Sun 30 November 2025 18:45, UK

Since 1969, when he first appeared on our screens in the TV movie The Indian Wants the Bronx, Al Pacino has stunned and stirred audiences in equal measure. 

He might seem like a natural of the craft, but behind his blistering performances is a solid backbone of hard work. As he once said himself, “Forget the career, do the work. If you feel what you are doing is on line and you’re going someplace and you have a vision and you stay with it, eventually things will happen.”

Pacino’s hard work isn’t simply limited to his craft either. Throughout his career, he has always tried to be a trailblazer of positive change. As it happens, this same notion is something that attracts him to certain works of art. This much is apparent from his favourite song of all time, the old show tune ‘You’ve Got to be Carefully Taught’ by Rodgers and Hammerstein.

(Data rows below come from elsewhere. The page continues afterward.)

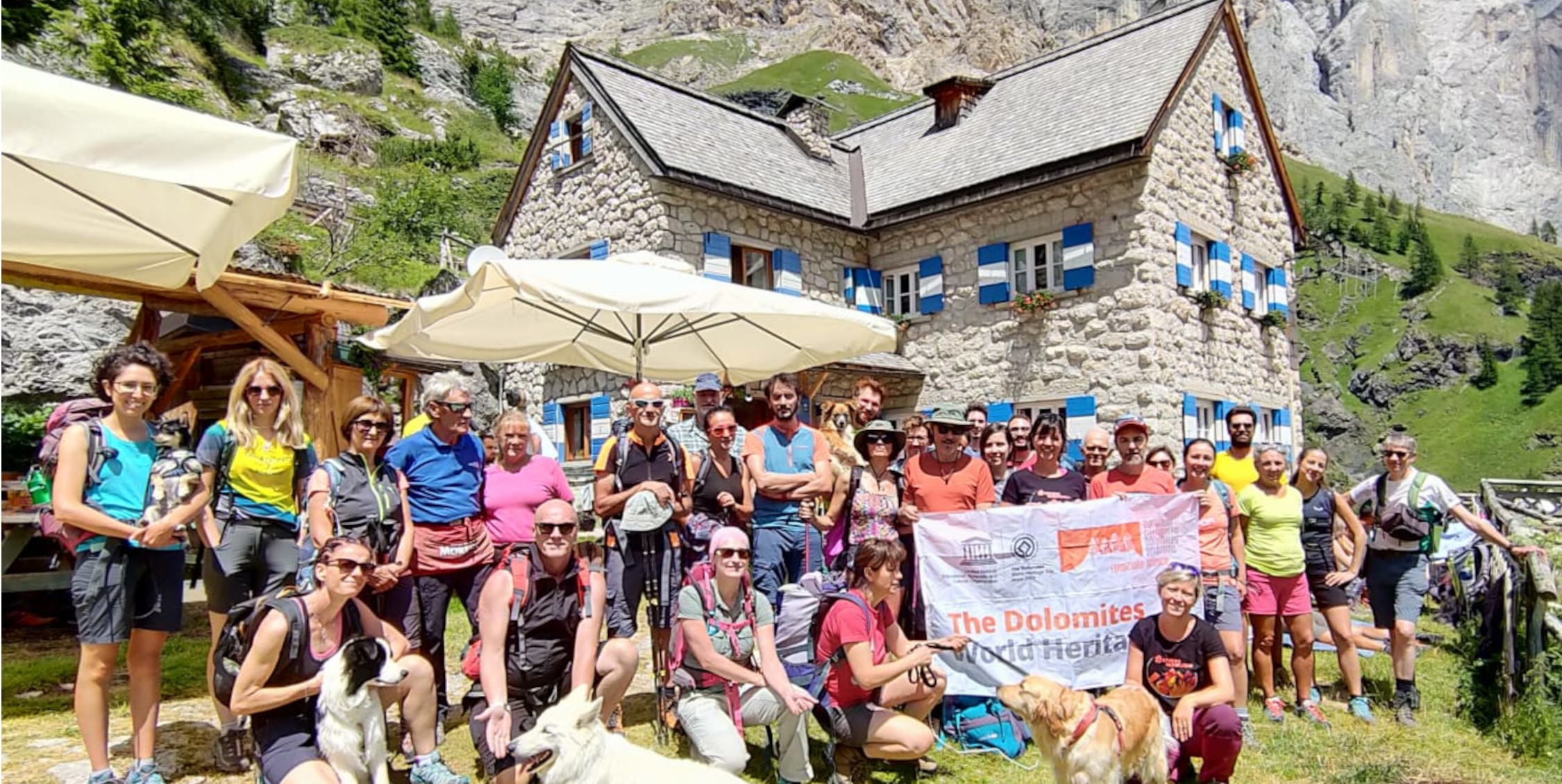 I partecipanti al trekking letterario con Matteo Righetto in Val Ombretta davanti al Rifugio Falier, Marmolada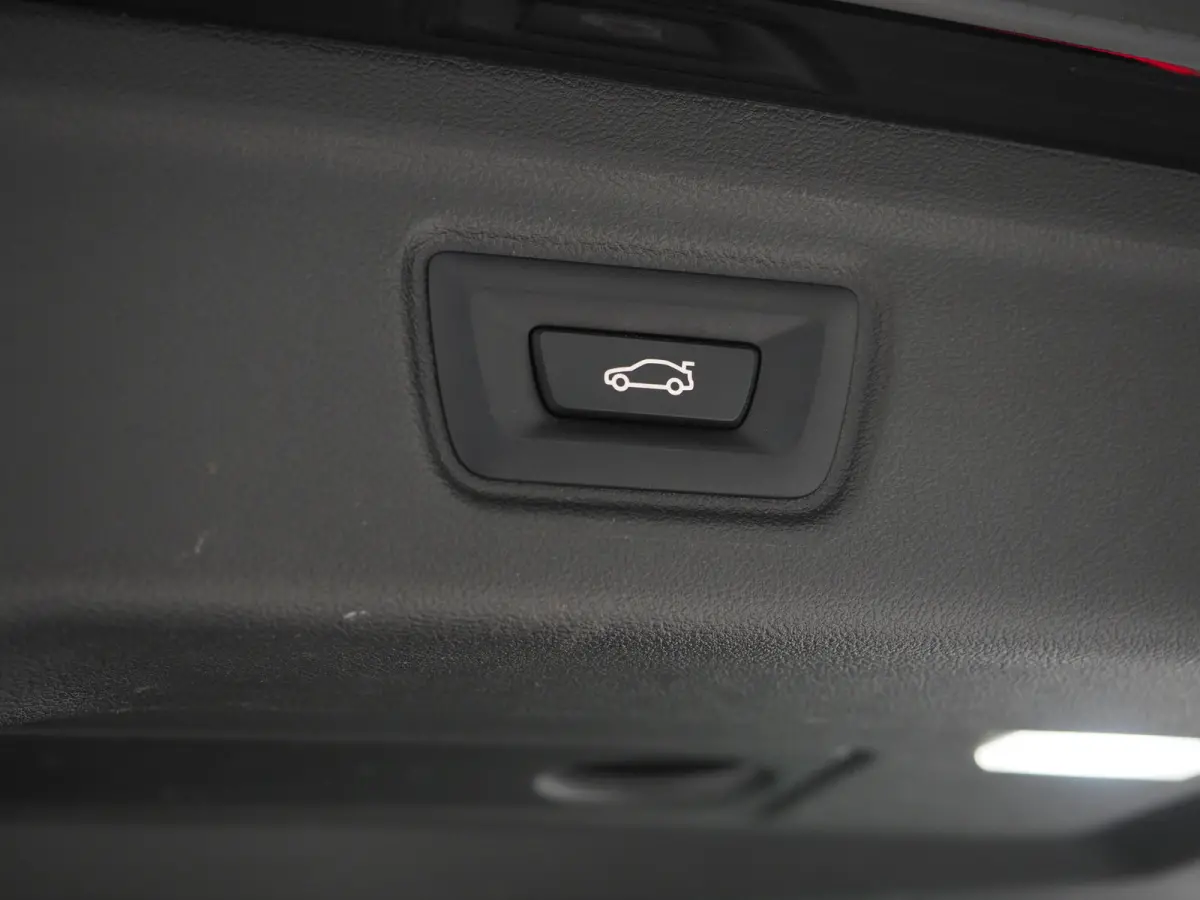 320e LCI | Sportstoelen | Leder | Sfeerlicht | Dodehoek | Cruise | Stoelverwarming | Carplay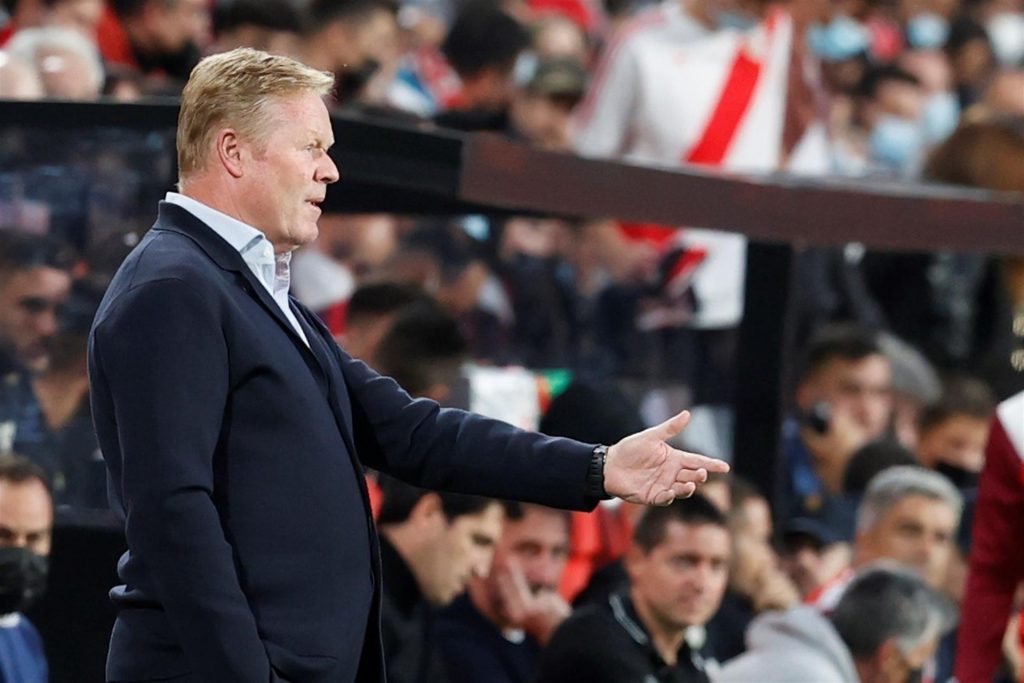 El FC Barcelona destituye a Koeman tras la derrota en Vallecas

The song, from 1949, was first featured in the classic Rodgers and Hammerstein musical South Pacific, and it is the societal sagacity behind the track that snares Pacino. “It was a crucial time for our country’s history with the racial tension. The song has a real passion and a relevance to the times we were living in,” Heat star Pacino once opined.

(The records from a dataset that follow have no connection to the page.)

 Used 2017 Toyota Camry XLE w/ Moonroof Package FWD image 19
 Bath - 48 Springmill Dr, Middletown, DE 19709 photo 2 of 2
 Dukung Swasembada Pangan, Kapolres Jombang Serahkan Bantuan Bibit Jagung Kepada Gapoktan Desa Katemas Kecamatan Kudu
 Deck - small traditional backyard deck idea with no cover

The music itself is about the blossoming romance between a young nurse and a secretive Frenchman who is being courted for a dangerous military mission as he is stationed on a South Pacific island during World War II. The music and subsequent film may well have come with corny and frivolous taglines like “In the thrilling tradition of ‘Around the World in 80 Days’” and “The entertainment world’s most wonderful entertainment!” but behind the fanfare is a very serious point.

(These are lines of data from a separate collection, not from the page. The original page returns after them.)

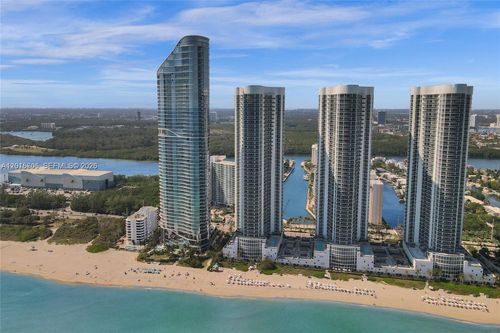 3302-15811 Collins Ave, Sunny Isles Beach, FL, 33160-4881 | Card Image
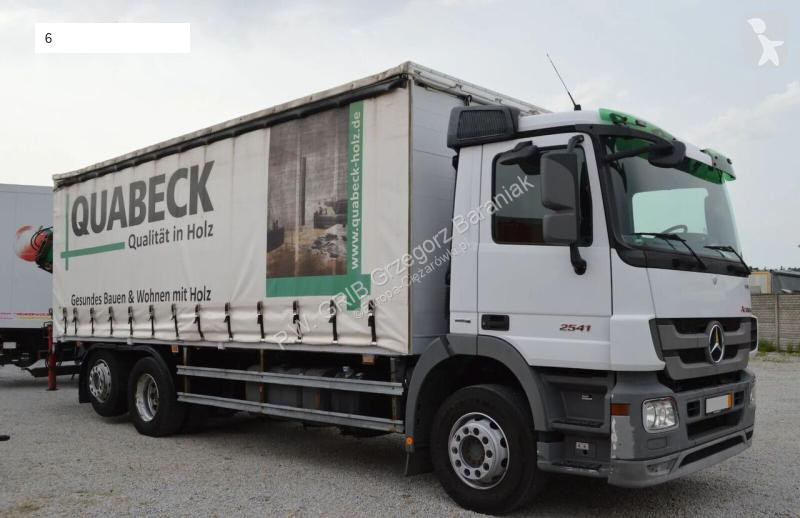 Kamion Mercedes 102-2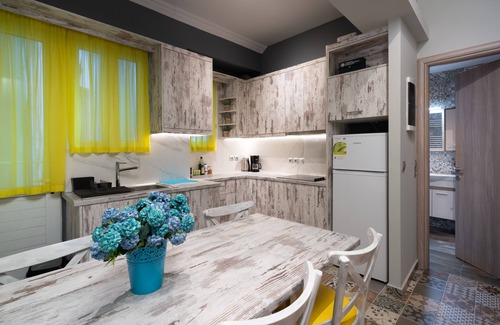 Omonia House | Stylish Apartment in the Heart of Athens with Breakfast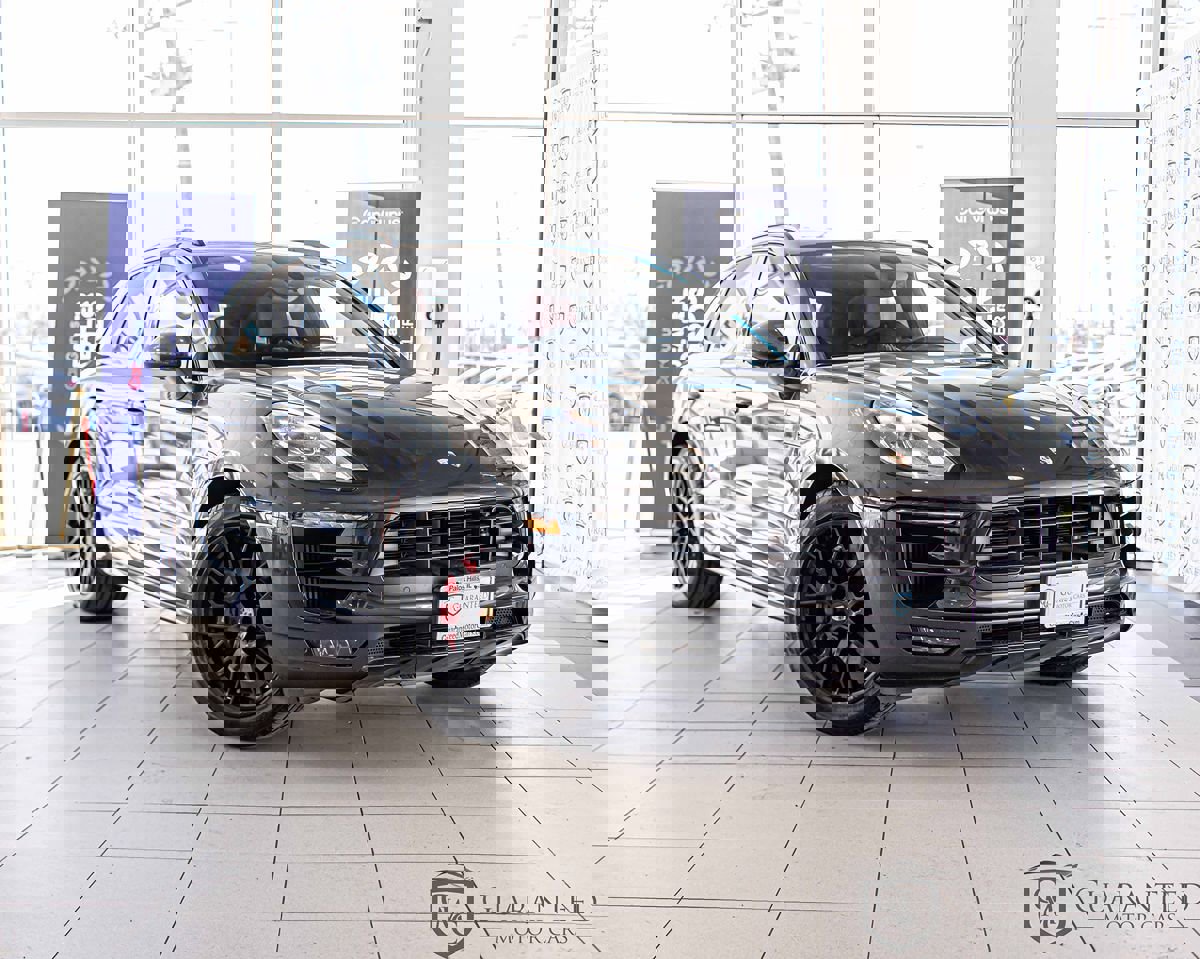 Used 2018 Porsche Macan GTS w/ Premium Package Plus image 3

This comment on race and society is subtly rammed home with the song ‘You’ve Got to be Carefully Taught’, beginning with the brilliant opening lyric, “You’ve got to be taught to hate and fear”. This meant that upon release, the song was deemed “downright inappropriate” for a musical. But the masses didn’t seem to agree. The vinyl soundtrack would spend an unprecedented 115 weeks on the top of the album chart, remaining in the top five for a whopping 214 weeks (that a little over four years).

Now, it is clear that the song is focused on equality and racism, but upon release, it was actually banned in Georgia as it was claimed that it had “an underlying philosophy inspired by Moscow”. However, this so-called Cold War panic was often speculated to be used as an excuse to push other agendas.

One legislator at the time even reprehensibly ventured to say, “a song justifying interracial marriage was implicitly a threat to the American way of life.” This resulting backlash was the exact reason that the song proved necessary in the first place, and it inadvertently illuminated the central point of the song itself. 

Thus, Rodgers & Hammerstein remained defiant and kept the track in the production. This boldly liberated stance is something that Pacino has always admired beyond the lilting melody that makes the impact so musical. Ever since he first heard it, it has remained his favourite song. For the Godfather star, it defines the purpose of art.